%%
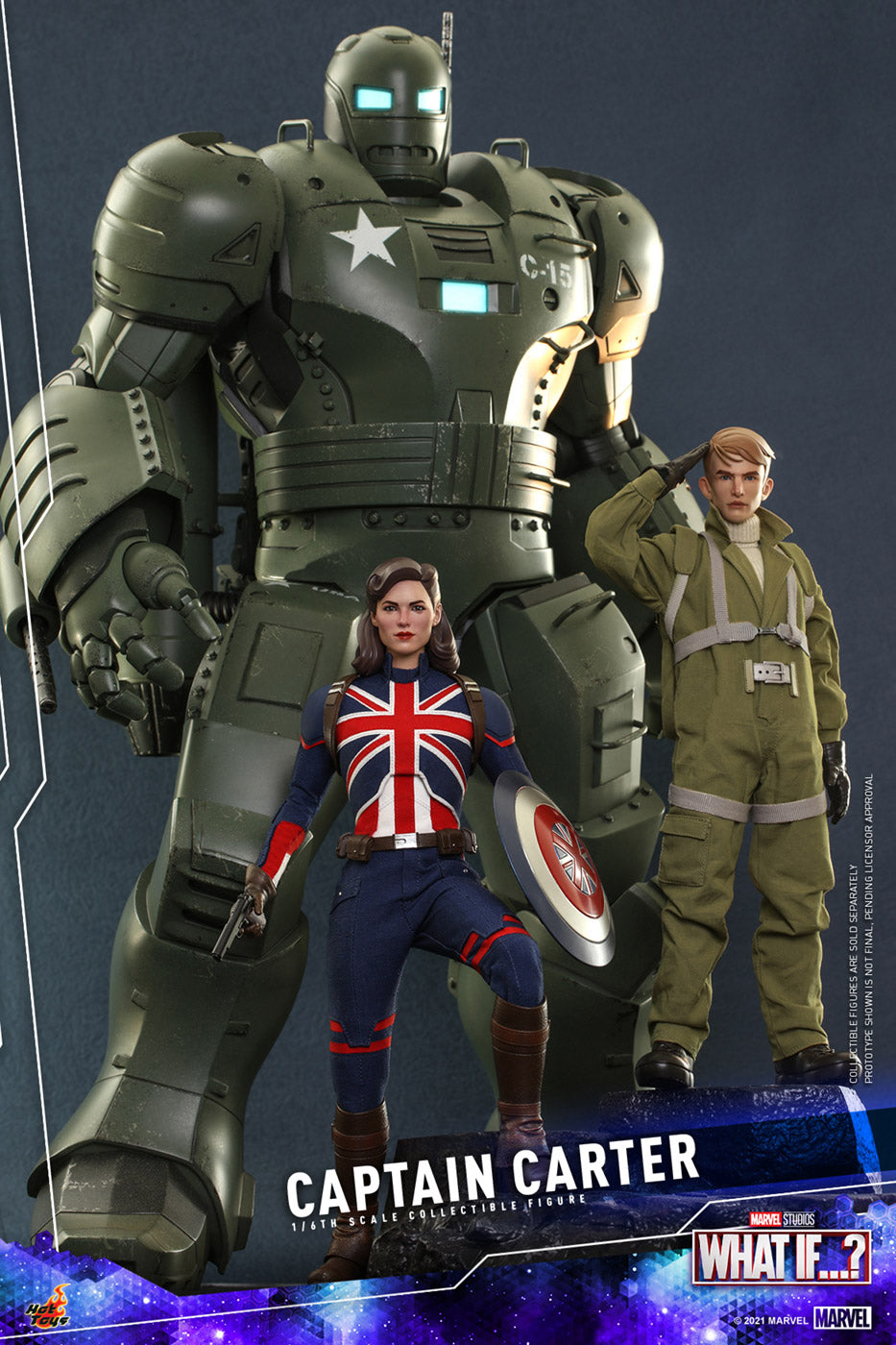 Hot Toys Captain Carter 1/6 Scale Action Figure product image 5, provided for visual reference and product detail review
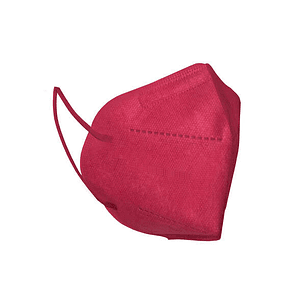 Agrupacion Salud Mascarillas FFP2 NR Clip Nasal Ajustable, Homologadas CE 0161 CAT III, Normativa UNE-EN 149:2001+A1:2009 FFP2, Color Burdeos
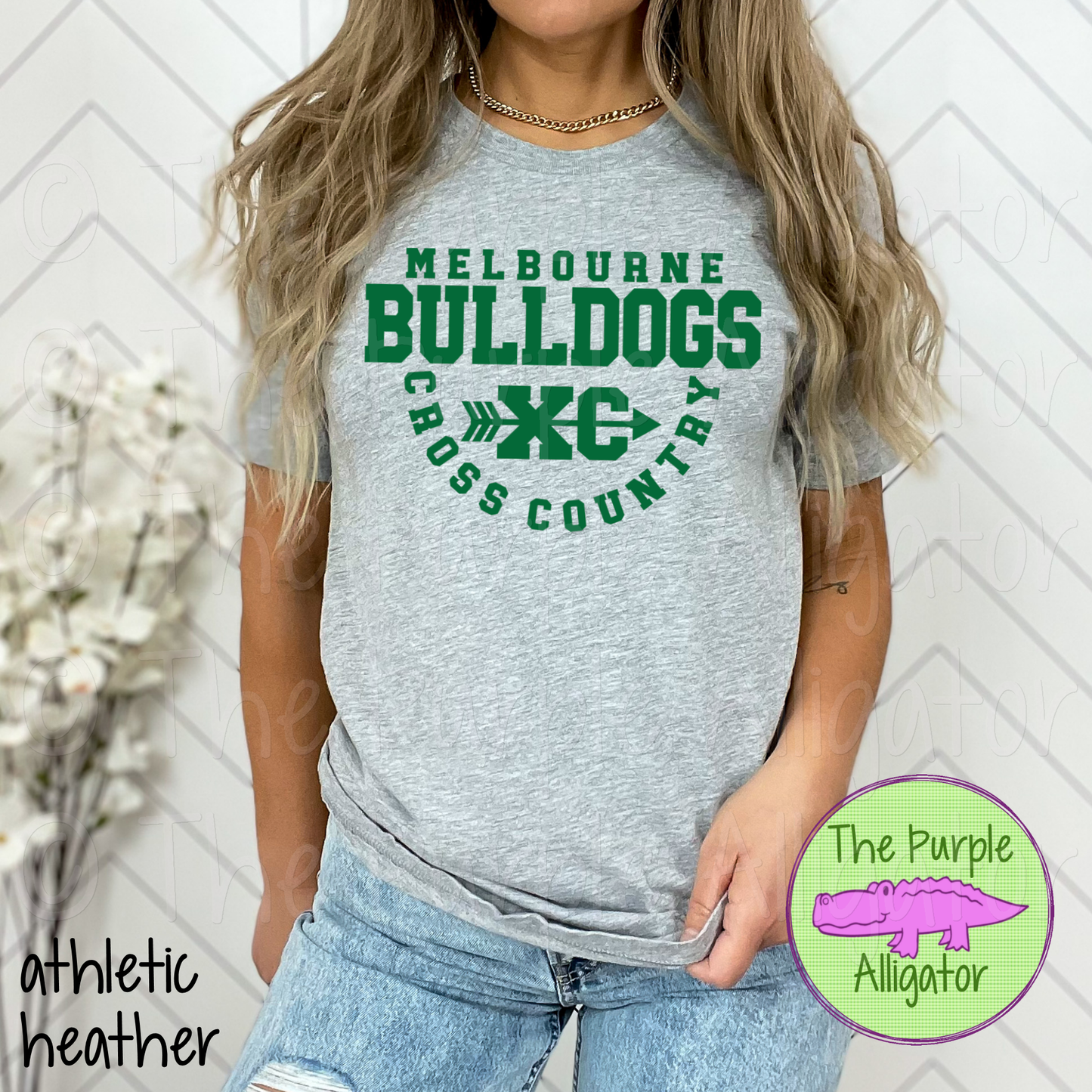 Melbourne Bulldogs Cross Country SC20 Mascot School Spirit Wear Team Swag - CHOOSE YOUR DESIGN COLOR (d2f TPA)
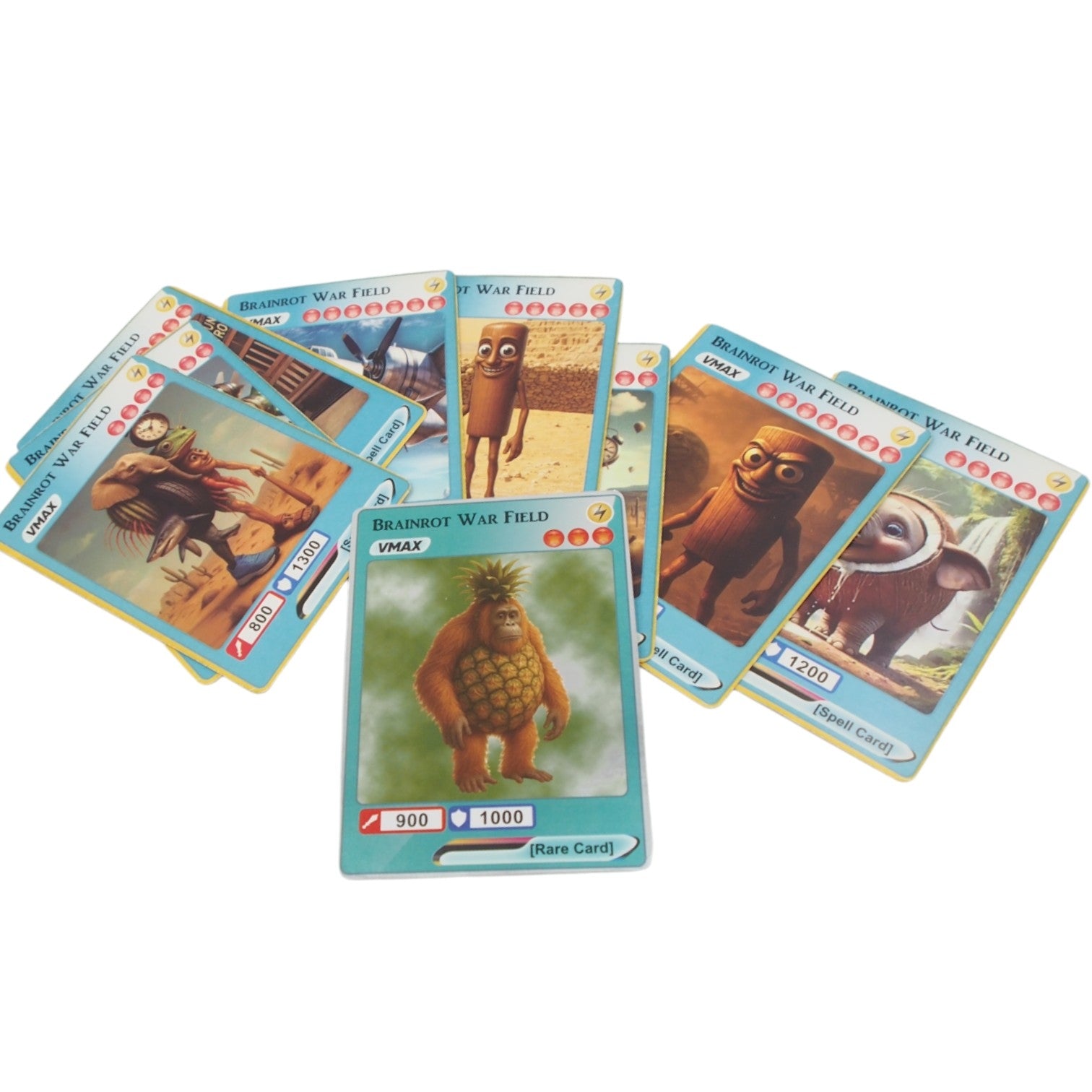 Brainrot kortos vaikams (10 kortų)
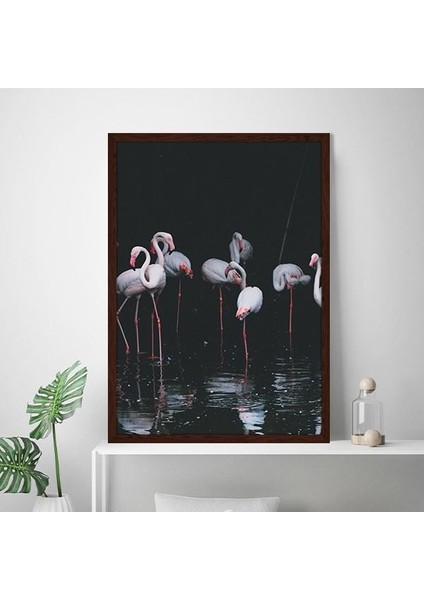 Flamingo 2 Çerçeve ve Poster - H1072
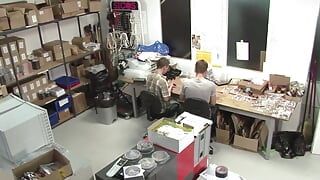 Threesome fuck in warehouse with hot and sexy horny gays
%%
**TASK TO COMPLETE:**
Only the lines from the one holding "Agrupacion Salud Mascarillas" through the end of the records belong in the answer, copied exactly and without pictures.

**SOLVED EXERCISE:**
 Agrupacion Salud Mascarillas FFP2 NR Clip Nasal Ajustable, Homologadas CE 0161 CAT III, Normativa UNE-EN 149:2001+A1:2009 FFP2, Color Burdeos
 Melbourne Bulldogs Cross Country SC20 Mascot School Spirit Wear Team Swag - CHOOSE YOUR DESIGN COLOR (d2f TPA)
 Brainrot kortos vaikams (10 kortų)
 Flamingo 2 Çerçeve ve Poster - H1072
 Threesome fuck in warehouse with hot and sexy horny gays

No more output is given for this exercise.